*** Block opens ***
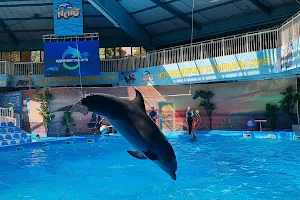 Dolphinarium Nemo image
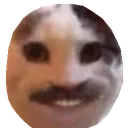meowo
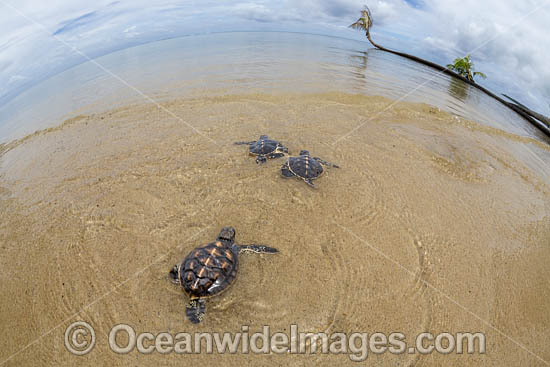 Newly hatched Green Turtle photo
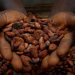 Cocoa stockpiles plunge to record low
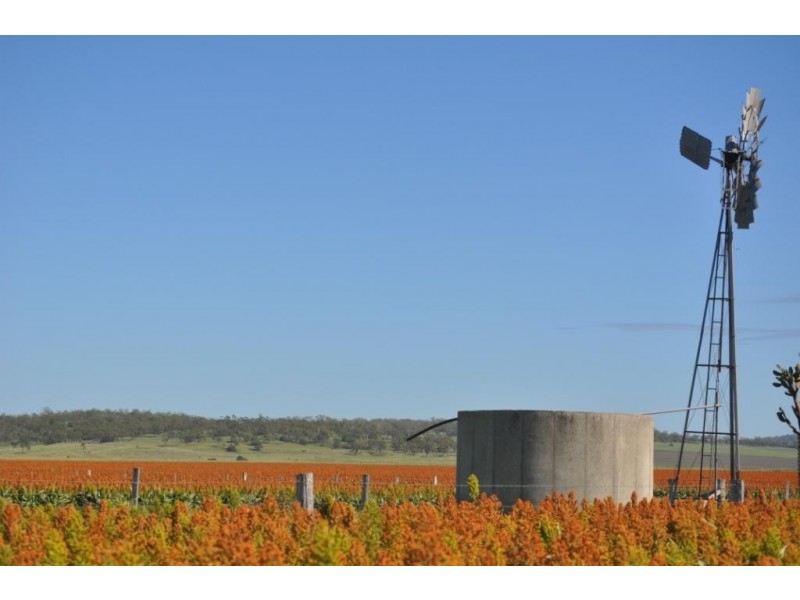 3460 Toowoomba Karara Road, Felton South QLD 4358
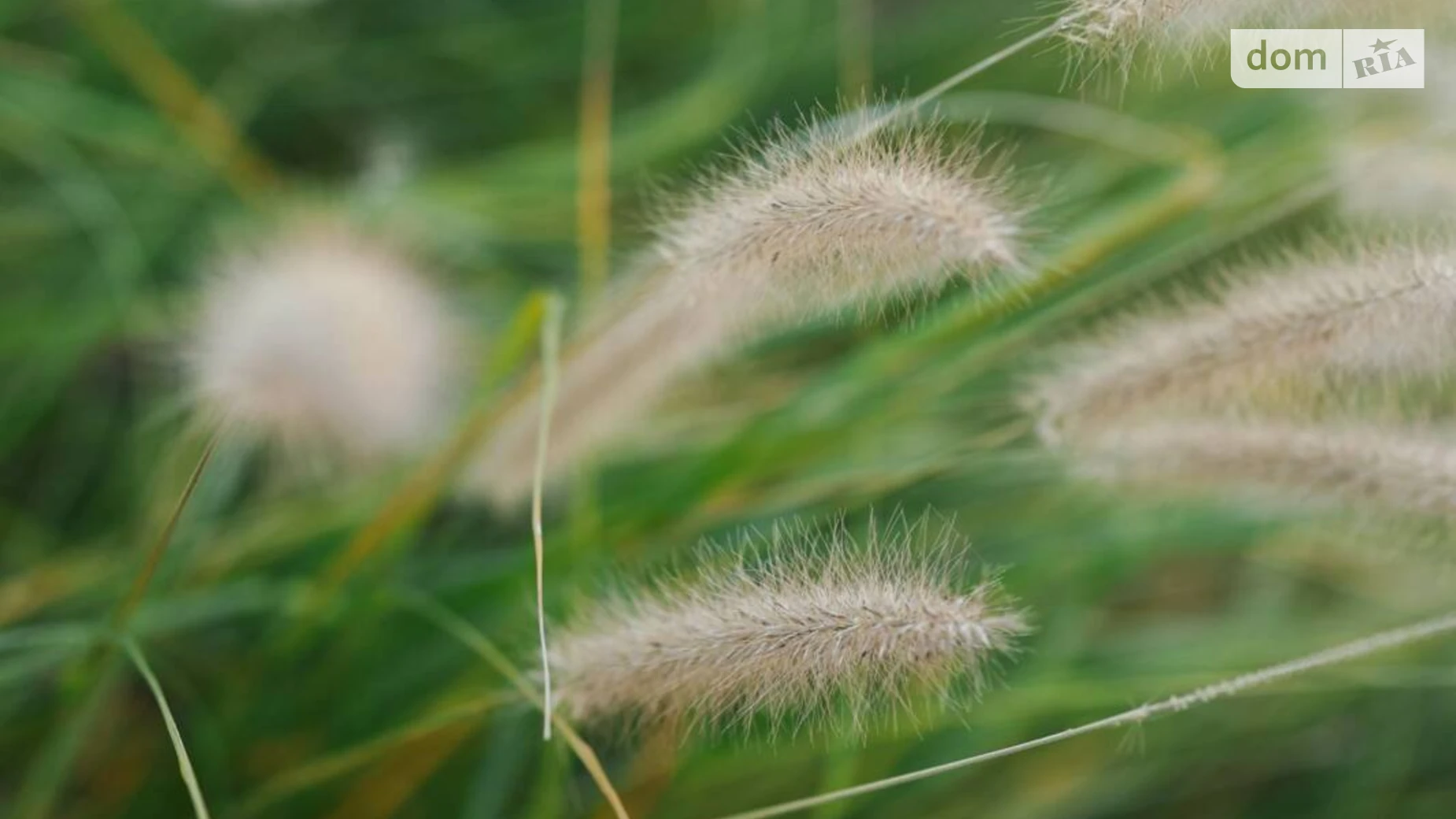 ул. Концовская Розовка ЖК Soho, цена: 127000 $ - фото 3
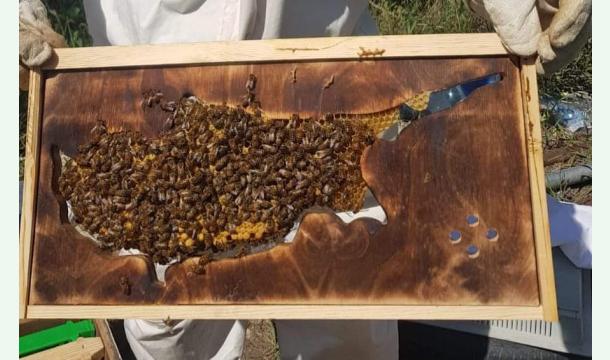 Cover Queens & Honeybees Breeding Station 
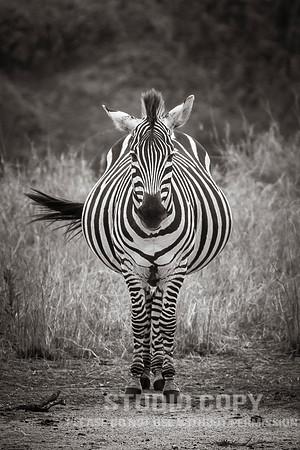 CDR_09272019_Tanzania_0413_tanzania_
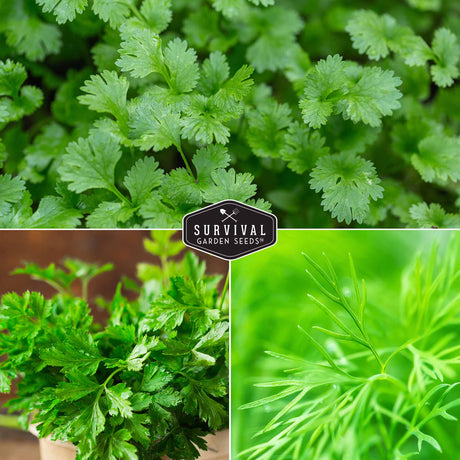 Cilantro, parsley and dill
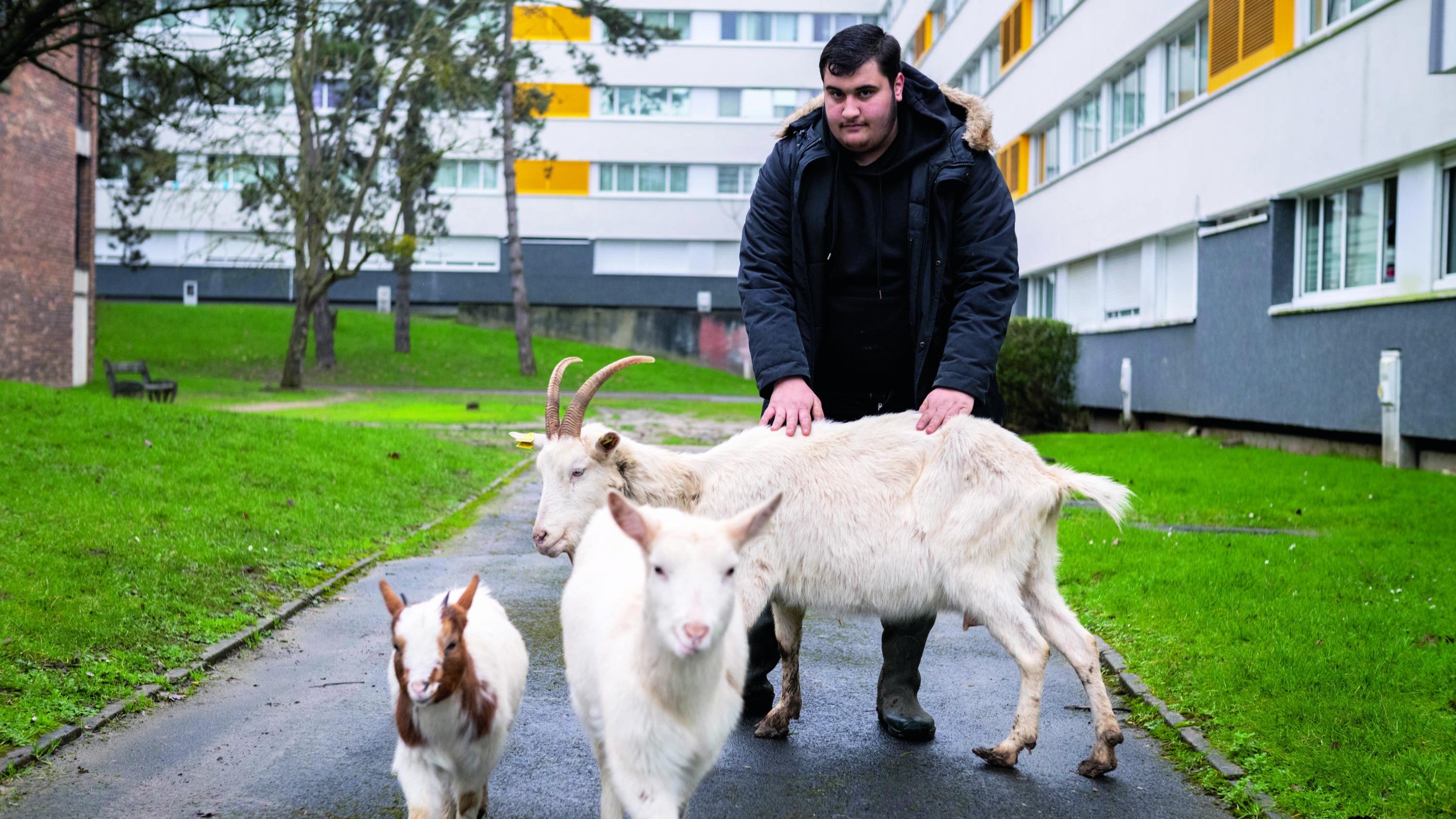 Au cœur de Villiers-le-Bel, Emre Aydemir, le fermier des cités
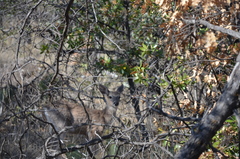 Odocoileus virginianus carminis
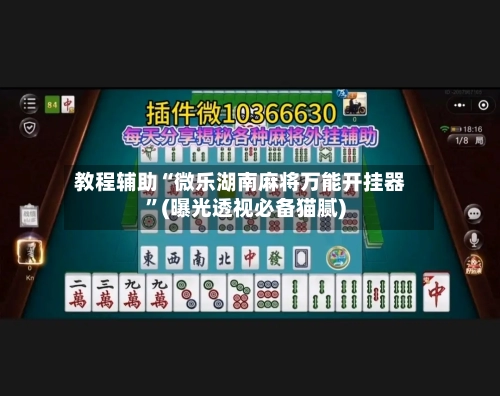 教程辅助“微乐湖南麻将万能开挂器”(曝光透视必备猫腻)-第2张图片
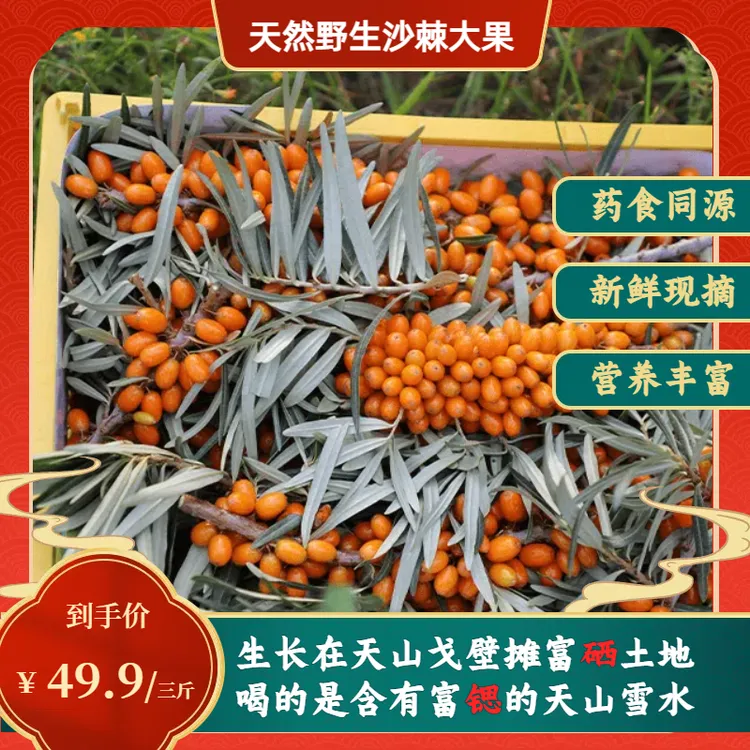 天然绿色有机沙棘大果新疆特产沙棘果现采现发3斤装（带枝带叶）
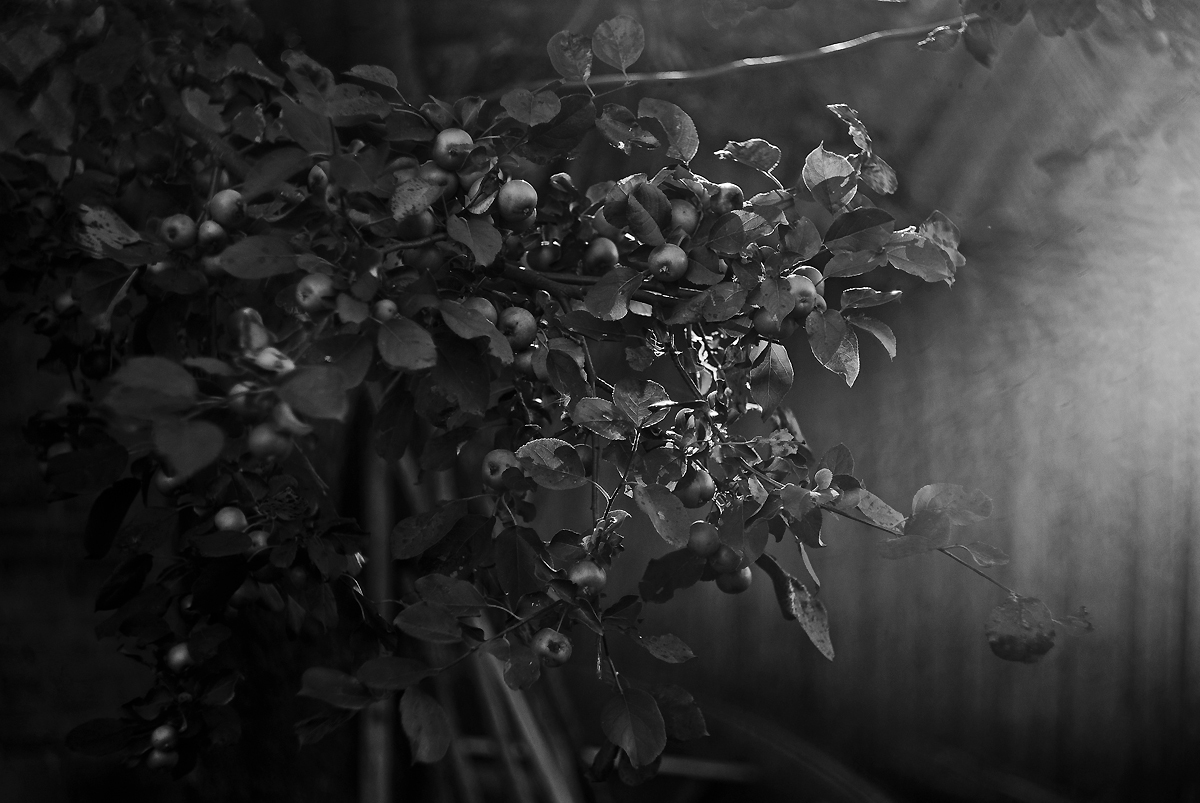 Reim des Morgenlichts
*** Block closes ***
Problem description:
Exclude the pictures and write out exactly the lines from the one holding "Au cœur de Villiers-le-Bel, Emre" through the end of the entries, inclusive, and only those.

Solution to this task:
 Au cœur de Villiers-le-Bel, Emre Aydemir, le fermier des cités
 Odocoileus virginianus carminis
 教程辅助“微乐湖南麻将万能开挂器”(曝光透视必备猫腻)-第2张图片
 天然绿色有机沙棘大果新疆特产沙棘果现采现发3斤装（带枝带叶）
 Reim des Morgenlichts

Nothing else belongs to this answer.